Aim of the exercise: Exact reproduction of every record is required, and pictures are to be excluded.
[Source data — start]
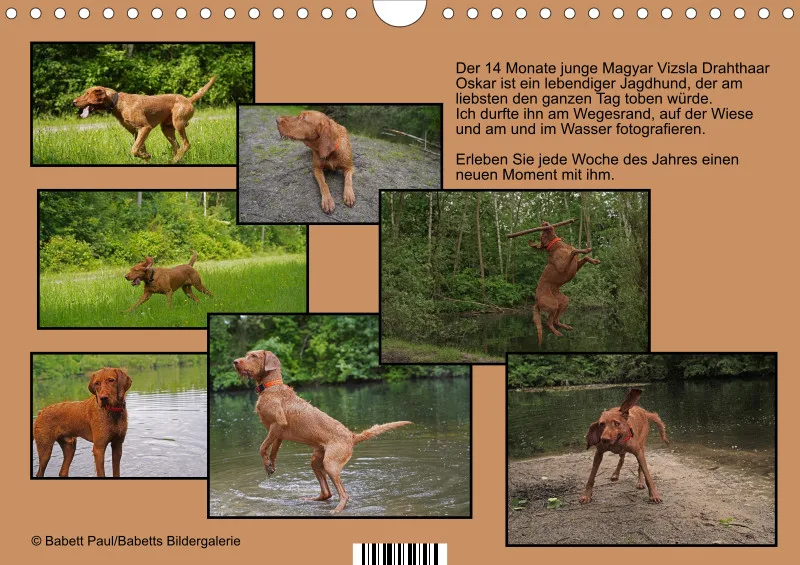2027 A4 Wochenkalender Faszination Magyar Vizsla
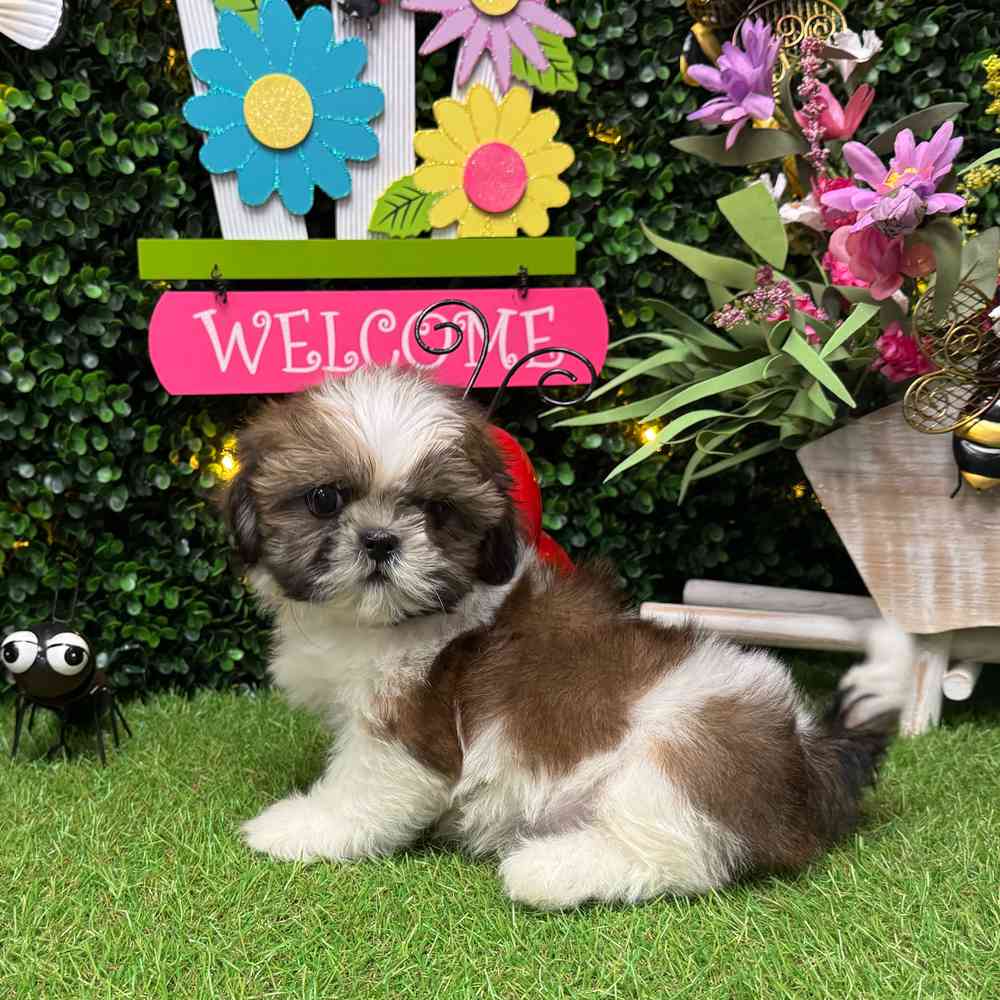 carousel pet images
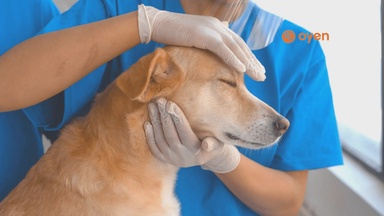 24-Hour & House Call Vet Clinics in KL & Selangor (2026 Guide)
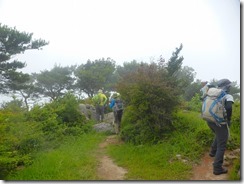 1-10分岐に戻り作礼山山頂です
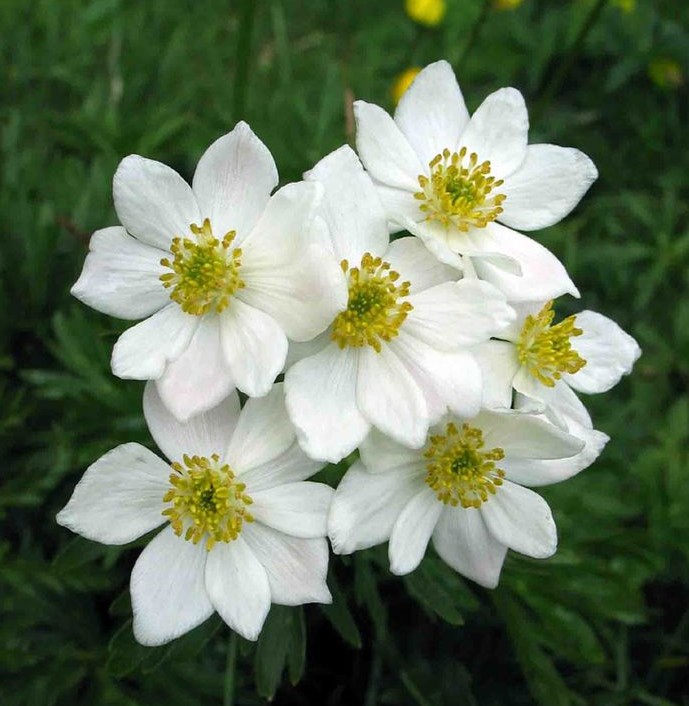 바람꽃 (사계바람꽃)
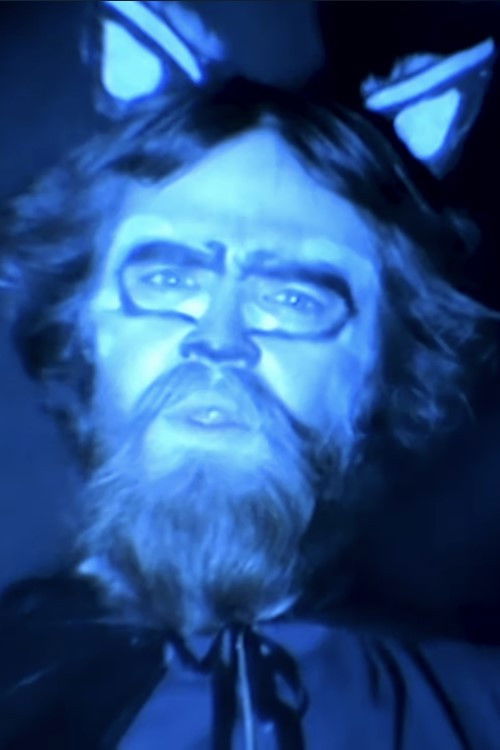 Curran Foster backdrop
[Source data — finish]
Response to this task:
2027 A4 Wochenkalender Faszination Magyar Vizsla
 carousel pet images
 24-Hour & House Call Vet Clinics in KL & Selangor (2026 Guide)
 1-10分岐に戻り作礼山山頂です
 바람꽃 (사계바람꽃)
 Curran Foster backdrop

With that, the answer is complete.